2. Für die Anwendbarkeit von § 552a ZPO im Revisionsverfahren vor dem [X.] spricht zudem der Zweck der Norm. Der besteht darin, bei mehrfachen Zulassungen der Revision durch die Berufungsgerichte zur selben Rechtsfrage nach deren grundsätzlicher Klärung ein aufwendiges Revisionsverfahren einschließlich einer mündlichen Verhandlung zu vermeiden, wenn die Zulassungsfrage im Sinne des Berufungsgerichts beantwortet ist und die Revision keine Aussicht auf Erfolg hat. Es soll möglich sein, aussichtslose Revisionen, deren Durchführung keinen Ertrag für die Fortentwicklung des Rechts mehr verspricht, ohne mündliche Verhandlung zurückzuweisen. Damit soll die revisionsrichterliche Arbeitskraft effizienter eingesetzt und zugleich dem Interesse der Parteien, insbesondere des [X.], an einer zügigen Durchführung des Revisionsverfahrens entsprochen werden (vgl. [X.]. 15/3482 S. 19). Diese Erwägungen treffen ohne Weiteres auch auf das Revisionsverfahren vor dem [X.] zu. Sie decken sich mit dem besonderen arbeitsgerichtlichen Beschleunigungsgebot in § 9 Abs. 1 ArbGG, das für alle Rechtszüge und damit auch im Revisionsverfahren gilt.

7

3. Nicht entscheidend ist, dass der historische Gesetzgeber bei der Schaffung des § 552a ZPO die Situation beim [X.] im Blick hatte ([X.]. 15/3482 S. 18 f.). Eine gesetzgeberische Konzeption, die Bestimmung nicht auf das Verfahren beim [X.], wo vergleichbare Überlegungen gelten, zu übertragen, ist dem nicht zu entnehmen. Der Gesetzgeber hat auch nicht - was in diesem Fall nahegelegen hätte - die Geltung des § 552a ZPO im arbeitsgerichtlichen Verfahren ausdrücklich ausgeschlossen ([X.] 9. Aufl. § 72 ArbGG Rn. 11). Dies hat er für die vergleichbaren im Berufungsverfahren geltenden Vorschriften des § 522 Abs. 2 und Abs. 3 ZPO in § 66 Abs. 2 Satz 3 ArbGG getan.

8

II. Die Voraussetzungen des § 552a ZPO sind erfüllt. Die Revision hat keine Aussicht auf Erfolg und die Voraussetzungen für die Zulassung der Revision liegen nicht vor (§ 552a Satz 1 ZPO).

9

1. Die Revision hat keine Aussicht auf Erfolg.

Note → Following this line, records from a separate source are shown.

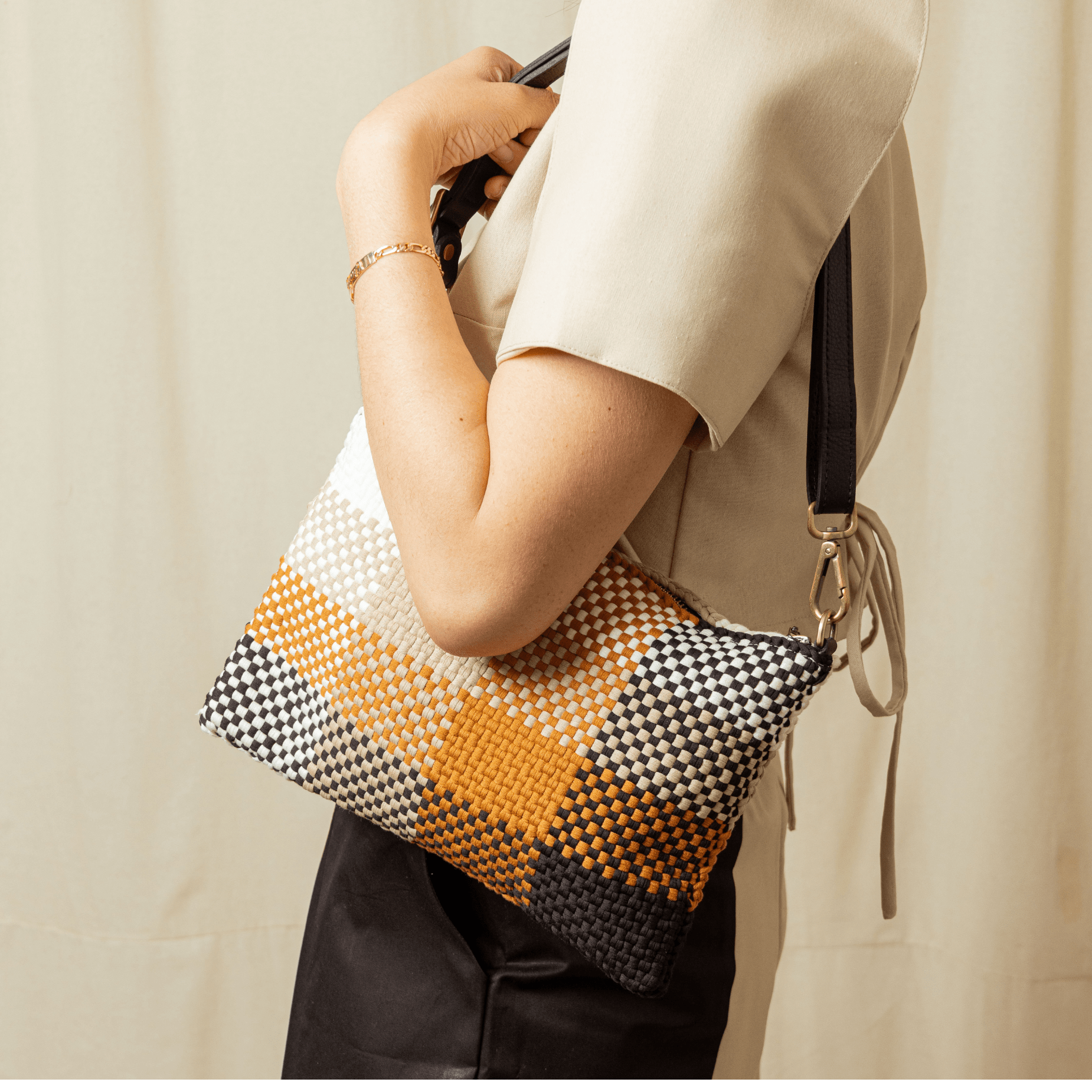 [Ready Today] Fortune Cookie Micro Hobo Blocks Tiramisu Fashion Rags2Riches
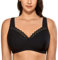 DELIMIRA Donna Reggiseno in Pizzo Senza Ferretto Cotone Taglie Forti Coppa Piena ad Sostegno Nero 8C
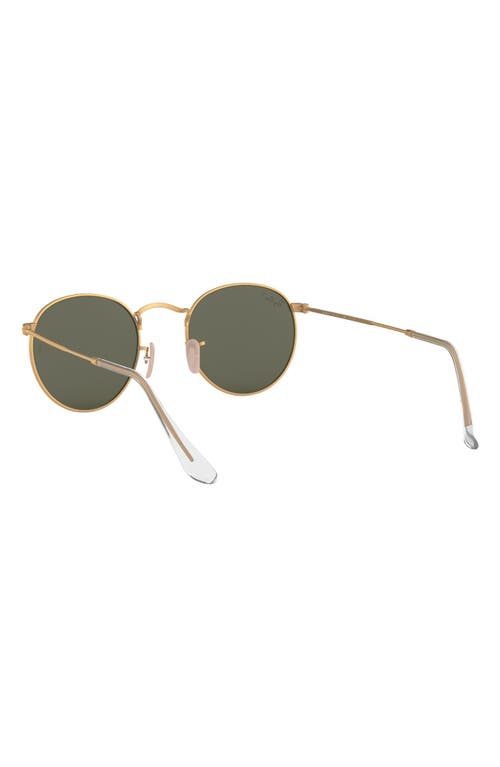 Shop Ray Ban Ray-ban 50mm Polarized Round Sunglasses In Gold/green Solid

a) Die Parteien streiten über die Anpassung einer Gesamtversorgung. Anwendbar auf ihr Rechtsverhältnis sind die „Bestimmungen des betrieblichen Versorgungswerkes“ (im Folgenden [X.]). Danach ist eine Gesamtversorgung vorgesehen. § 6 der Ausführungsbestimmungen (im [X.]) [X.] bestimmt in Ziffer 1, dass die Gesamtversorgungsbezüge so angepasst werden wie die gesetzlichen Renten. Ziffer 3 der Vorschrift lautet ua.:

        

„Hält der Vorstand die Veränderung der Gesamtversorgungsbezüge … nicht für vertretbar, so schlägt er nach Anhören der Betriebsräte/des [X.] dem Aufsichtsrat zur gemeinsamen Beschlußfassung vor, was nach seiner Auffassung geschehen soll.“

Die Beklagte beschloss unter Anwendung dieser Regelung für das [X.], die Gesamtversorgungsbezüge bzw. Renten zum 1. Juli 2015 für diesen Stichtag um [X.] zu erhöhen. Nach der Entscheidung der [X.] sollten entweder die Gesamtversorgungsbezüge um [X.] erhöht und sodann die - erhöhte - gesetzliche Rente sowie eine zur betrieblichen Altersversorgung der [X.] gehörende Versorgungskassenrente abgezogen werden oder, wenn dies für den Versorgungsempfänger günstiger war, lediglich die Pensionsergänzung um [X.] erhöht werden. Dagegen wurden die Renten in der gesetzlichen Rentenversicherung zum 1. Juli 2015 um 2,09717 vH erhöht.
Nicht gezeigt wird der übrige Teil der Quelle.